- _What is needed_
Write out, word for word, the part of the listing below that opens with the line containing "Pink Flower Girl" and closes with the line containing "Striped Casual Shirt Dress", keeping both of those lines and adding no others.

- _Material supplied_
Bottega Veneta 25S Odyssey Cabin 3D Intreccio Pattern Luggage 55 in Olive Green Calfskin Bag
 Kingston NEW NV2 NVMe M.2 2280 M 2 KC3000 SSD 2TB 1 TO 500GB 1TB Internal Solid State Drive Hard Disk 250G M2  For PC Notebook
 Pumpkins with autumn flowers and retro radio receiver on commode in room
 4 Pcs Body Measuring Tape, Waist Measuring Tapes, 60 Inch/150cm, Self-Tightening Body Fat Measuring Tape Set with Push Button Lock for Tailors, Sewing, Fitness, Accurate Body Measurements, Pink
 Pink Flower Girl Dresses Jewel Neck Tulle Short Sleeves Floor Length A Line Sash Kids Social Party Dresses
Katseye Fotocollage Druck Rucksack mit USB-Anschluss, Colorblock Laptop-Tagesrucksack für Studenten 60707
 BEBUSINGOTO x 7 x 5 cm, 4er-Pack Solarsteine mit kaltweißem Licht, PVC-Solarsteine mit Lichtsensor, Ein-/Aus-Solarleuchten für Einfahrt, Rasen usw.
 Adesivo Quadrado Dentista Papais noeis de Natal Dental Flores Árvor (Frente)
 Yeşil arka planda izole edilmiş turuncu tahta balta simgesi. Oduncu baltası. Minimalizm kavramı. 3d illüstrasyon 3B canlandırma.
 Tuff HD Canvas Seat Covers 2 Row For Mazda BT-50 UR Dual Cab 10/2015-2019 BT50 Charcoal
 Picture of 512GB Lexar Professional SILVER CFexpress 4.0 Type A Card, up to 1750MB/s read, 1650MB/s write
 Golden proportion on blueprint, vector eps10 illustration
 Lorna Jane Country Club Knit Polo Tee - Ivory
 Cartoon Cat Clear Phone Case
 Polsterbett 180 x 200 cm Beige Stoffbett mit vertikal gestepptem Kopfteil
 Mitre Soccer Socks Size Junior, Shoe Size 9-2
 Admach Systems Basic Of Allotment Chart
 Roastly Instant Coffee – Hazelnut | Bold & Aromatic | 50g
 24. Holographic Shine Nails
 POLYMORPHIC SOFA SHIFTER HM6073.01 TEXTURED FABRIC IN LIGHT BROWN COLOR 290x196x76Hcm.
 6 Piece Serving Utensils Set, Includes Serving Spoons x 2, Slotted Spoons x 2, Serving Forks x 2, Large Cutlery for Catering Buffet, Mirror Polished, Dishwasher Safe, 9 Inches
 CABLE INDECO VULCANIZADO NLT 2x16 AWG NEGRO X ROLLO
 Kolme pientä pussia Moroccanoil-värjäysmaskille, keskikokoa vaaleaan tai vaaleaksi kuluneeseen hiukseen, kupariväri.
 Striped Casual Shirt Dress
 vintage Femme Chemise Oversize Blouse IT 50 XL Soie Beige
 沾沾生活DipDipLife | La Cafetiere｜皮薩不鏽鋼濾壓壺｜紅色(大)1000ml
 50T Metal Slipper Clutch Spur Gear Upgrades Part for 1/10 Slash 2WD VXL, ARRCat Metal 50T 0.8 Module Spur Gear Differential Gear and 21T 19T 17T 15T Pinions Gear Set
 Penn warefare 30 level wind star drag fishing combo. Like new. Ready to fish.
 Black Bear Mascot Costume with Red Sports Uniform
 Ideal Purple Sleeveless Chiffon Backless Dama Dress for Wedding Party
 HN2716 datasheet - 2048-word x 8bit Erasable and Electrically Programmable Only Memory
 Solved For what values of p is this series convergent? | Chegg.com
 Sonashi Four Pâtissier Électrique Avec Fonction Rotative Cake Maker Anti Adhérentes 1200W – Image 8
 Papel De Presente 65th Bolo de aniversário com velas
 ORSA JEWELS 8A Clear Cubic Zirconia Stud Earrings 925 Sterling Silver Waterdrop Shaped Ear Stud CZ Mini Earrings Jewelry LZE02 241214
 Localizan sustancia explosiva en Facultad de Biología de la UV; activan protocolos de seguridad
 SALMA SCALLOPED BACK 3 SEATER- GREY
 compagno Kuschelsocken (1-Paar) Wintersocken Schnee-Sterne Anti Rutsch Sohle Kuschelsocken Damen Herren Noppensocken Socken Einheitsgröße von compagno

- _Answer section_
 Pink Flower Girl Dresses Jewel Neck Tulle Short Sleeves Floor Length A Line Sash Kids Social Party Dresses
Katseye Fotocollage Druck Rucksack mit USB-Anschluss, Colorblock Laptop-Tagesrucksack für Studenten 60707
 BEBUSINGOTO x 7 x 5 cm, 4er-Pack Solarsteine mit kaltweißem Licht, PVC-Solarsteine mit Lichtsensor, Ein-/Aus-Solarleuchten für Einfahrt, Rasen usw.
 Adesivo Quadrado Dentista Papais noeis de Natal Dental Flores Árvor (Frente)
 Yeşil arka planda izole edilmiş turuncu tahta balta simgesi. Oduncu baltası. Minimalizm kavramı. 3d illüstrasyon 3B canlandırma.
 Tuff HD Canvas Seat Covers 2 Row For Mazda BT-50 UR Dual Cab 10/2015-2019 BT50 Charcoal
 Picture of 512GB Lexar Professional SILVER CFexpress 4.0 Type A Card, up to 1750MB/s read, 1650MB/s write
 Golden proportion on blueprint, vector eps10 illustration
 Lorna Jane Country Club Knit Polo Tee - Ivory
 Cartoon Cat Clear Phone Case
 Polsterbett 180 x 200 cm Beige Stoffbett mit vertikal gestepptem Kopfteil
 Mitre Soccer Socks Size Junior, Shoe Size 9-2
 Admach Systems Basic Of Allotment Chart
 Roastly Instant Coffee – Hazelnut | Bold & Aromatic | 50g
 24. Holographic Shine Nails
 POLYMORPHIC SOFA SHIFTER HM6073.01 TEXTURED FABRIC IN LIGHT BROWN COLOR 290x196x76Hcm.
 6 Piece Serving Utensils Set, Includes Serving Spoons x 2, Slotted Spoons x 2, Serving Forks x 2, Large Cutlery for Catering Buffet, Mirror Polished, Dishwasher Safe, 9 Inches
 CABLE INDECO VULCANIZADO NLT 2x16 AWG NEGRO X ROLLO
 Kolme pientä pussia Moroccanoil-värjäysmaskille, keskikokoa vaaleaan tai vaaleaksi kuluneeseen hiukseen, kupariväri.
 Striped Casual Shirt Dress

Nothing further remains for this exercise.